Another senator, Cory Booker of New Jersey, along with agriculture secretary Tom Vilsack were also among the final contenders, with Mr Kaine having an edge, a Democratic source with knowledge of the discussions said.
Ms Clinton’s campaign declined to comment. She was expected to announce her running mate for the November 8 election through a text message or Twitter.
She will be formally nominated as the party’s presidential candidate at next week’s Democratic convention in Philadelphia. She leads Trump in many opinion polls.

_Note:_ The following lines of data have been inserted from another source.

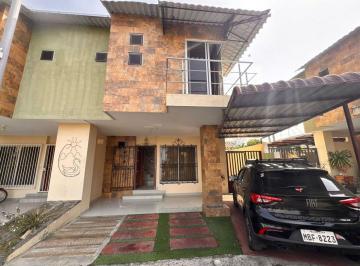 Casa de 3 habitaciones, Portoviejo · Casa de Venta en Portoviejo Zona Ciudadela Santos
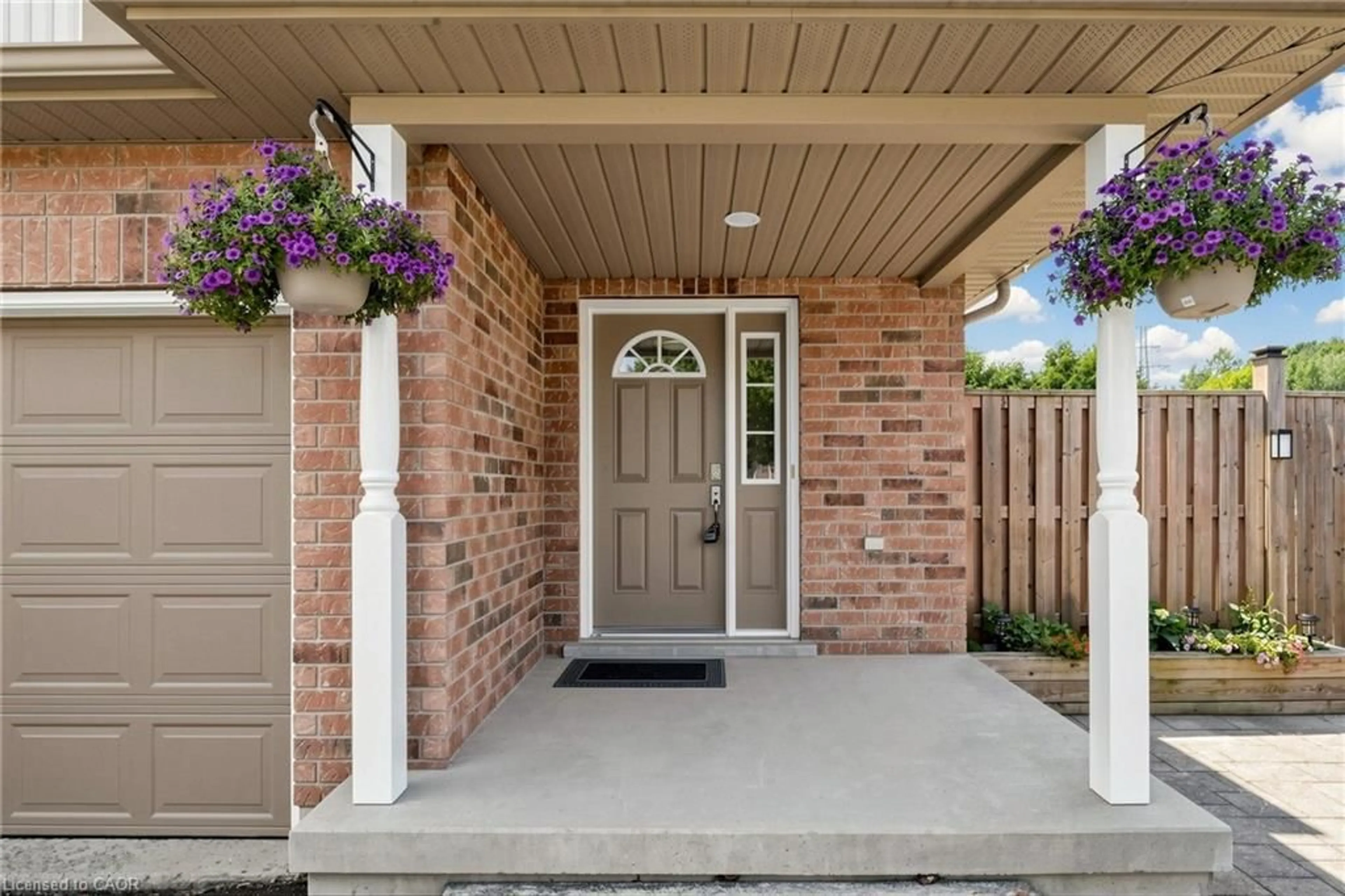 Indoor entryway for Ave, Waterloo Ontario N2T 2Z3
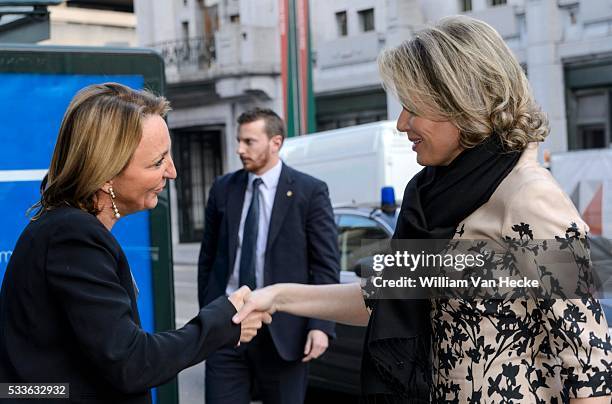 - La Reine Mathilde préside une réunion de travail sur le thème du processus d'apprentissage dans les start-ups. Les participants sont des femmes...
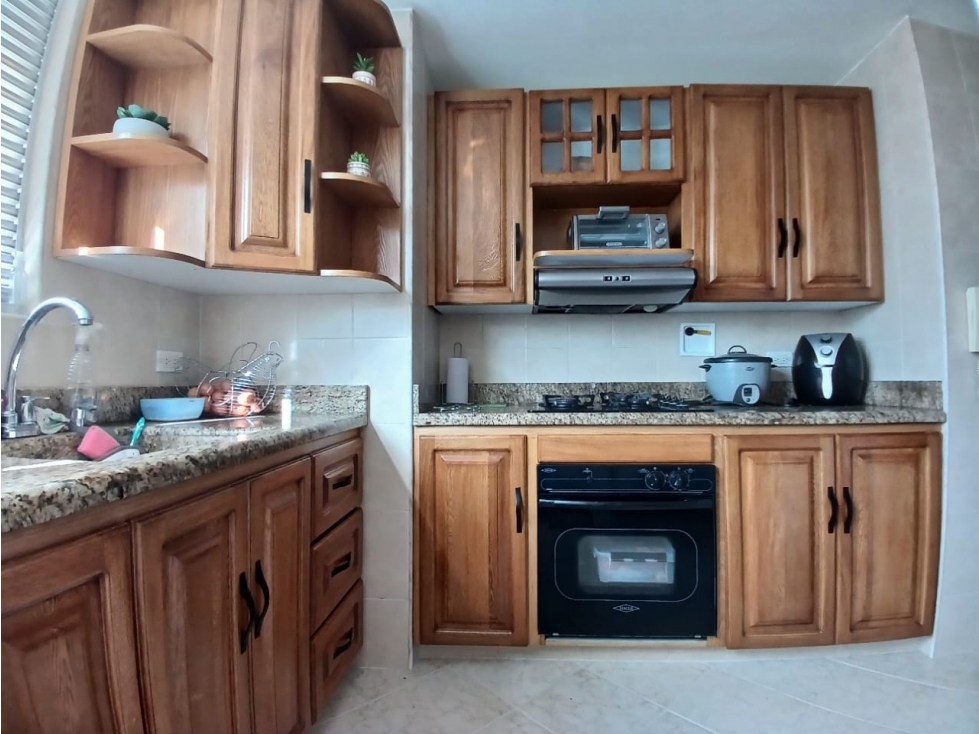 Apartamento de 5 alcobas en venta en Laureles, Medellín, 140 m² · foto 10 de 24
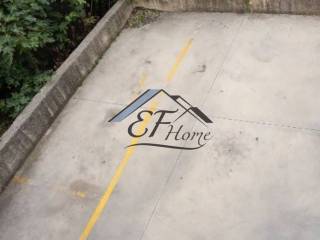 Εξωτερική θέση στάθμευσης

The former secretary of state and first lady’s choice of a running mate would provide a signal about her plan of battle against Mr Trump and help give her campaign momentum as the fight for the White House enters a key stage.
Picking either Mr Kaine or Mr Vilsack, veteran mainstays of the Democratic establishment with plenty of governing experience, would emphasise Ms Clinton’s message that Democrats will offer a serious, steady, alternative to the unpredictable Mr Trump after the chaotic Republican convention.
Mr Booker, a charismatic rising star in the party, could give her candidacy a jolt of energy as Ms Clinton enters the three-month grind of the general election.
Mr Booker, 47, would be the first black vice president and could help boost turnout among young and African-American voters.
Other potential contenders on Ms Clinton’s short list included US senator Elizabeth Warren of Massachusetts, a liberal favourite, Colorado governor John Hickenlooper, and Hispanic cabinet members Julian Castro and Thomas Perez.
Mr Kaine, 58, is a fluent Spanish speaker, having served as a missionary in Honduras. Before entering the Senate, he had been the mayor of Richmond, governor of Virginia, and chairman of the Democratic National Committee.
His presence on the ticket could help Ms Clinton in Virginia, a heavily contested swing state.
Ms Clinton has struggled to unify Democrats and win over liberal backers of her Democratic primary rival Bernie Sanders, a US senator from Vermont. A choice of Mr Kaine would not help that effort.
Liberal groups have pressured her to avoid Mr Kaine, who backs the Pacific free-trade deal known as the Trans-Pacific Partnership. Critics of the deal, including Mr Trump and Mr Sanders, say it would be unfair to US workers and lose jobs.
Mr Clinton praised the deal when she was secretary of state, but now opposes it.